シンポジウムで、委員の一人である岡本氏は「(米軍の)リアライメント(再編)をどう日本のために活用すべきか」と問いかけ、「われわれは(米軍に)占領されているという認識を払しょくしなければならない」と強調しました。
ただ、その結論は米軍に撤退を求めるのではなく、「基地の(日米)共同使用と自衛隊による基地管理」(提言)を進めていくというもの。米軍専用基地を自衛隊との共同使用基地にすれば「(米軍の)占領軍としてのイメージが薄く」なり、「米軍の安定的、継続的駐留を可能にする」(同)というのです。
しかし、基地の共同使用の拡大は、政府内からもすでに「目くらましだ。それで基地がなくなり、負担が減るものではない」(高官)という批判が上がっています。

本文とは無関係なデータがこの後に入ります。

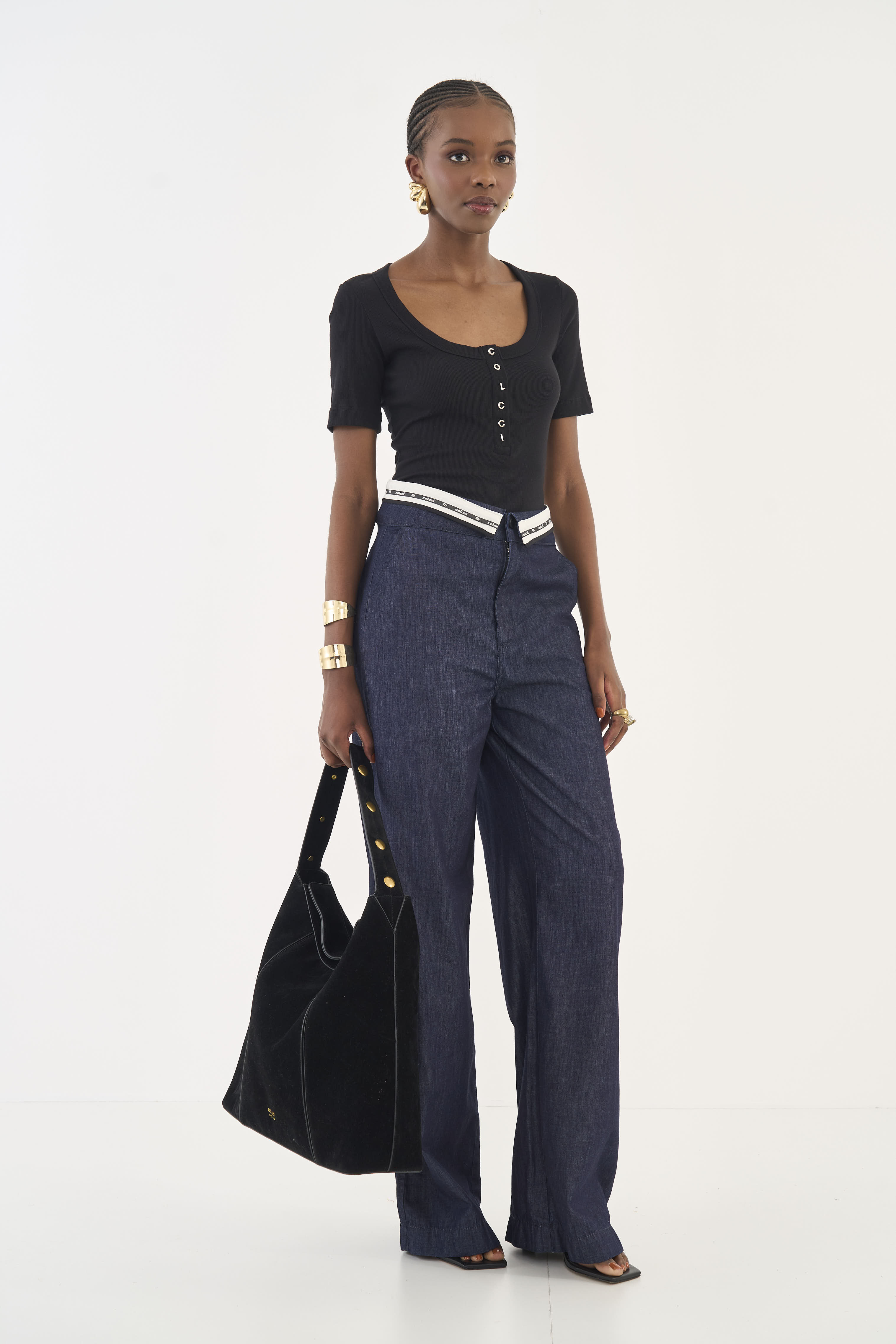 CALÇA JEANS JOANA 40 INDIGO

シンポジウムで研究グループ主査の坂本正弘・元経済企画審議官は、今回の米軍再編で「米軍はヨーロッパ、韓国から退くが、アジア太平洋はむしろ強化だ。特に日本の戦略的地位が高くなる」と指摘しました。
こうした認識から、提言は「米軍の再編を契機に、日米同盟を再定義・強化せよ」と提起。「日米同盟の役割を日本の防衛にとどまらず、アジア・太平洋地域の安定、世界の安全保障の要へと再定義し直す必要がある」とし、実態として進んできた日米軍事同盟の地球規模化を明確にすることを要求しています。
同時に「同盟・友邦国の活用」を狙う米軍の再編は「自衛隊変革推進の好機」だとし、「米軍との相互運用性を高め、共同作戦能力を強化せよ」と提案。さらには政府の新「防衛計画の大綱」は「専守防衛政策の呪縛(じゅばく)から逃れていない」とし、「策源地攻撃能力の導入」=海外の敵基地への攻撃能力の保有まで求めています。
中国脅威口実に
提言がこれらの口実にしているのが「中国の脅威」です。
シンポジウムで坂本氏は「中国の脅威は、アメリカは公式には言わないが、私が回った印象では、アメリカを脅かすものとして非常に重要になってきているという認識がある」と指摘しました。
提言は「台湾海峡問題」や「西太平洋全域にわたる中国の台頭への対応」で「(日本の)応分の役割分担が必須」と強調。「有事の際の後方支援とともに、作戦支援まで踏み込まざるを得ない」として「集団的自衛権の行使を認める必要がある」と強調しています。
米国の「中国脅威」論に追随し、それへの対処で自衛隊が米軍とともに武力行使できるようにせよという主張で、アジアに新たな軍事緊張を生み出すものです。
研究グループは提言公表後、大野功統防衛庁長官、細田博之官房長官、安倍晋三自民党幹事長代理に説明。米側にも提言の英文を渡すなど働きかけを始めています。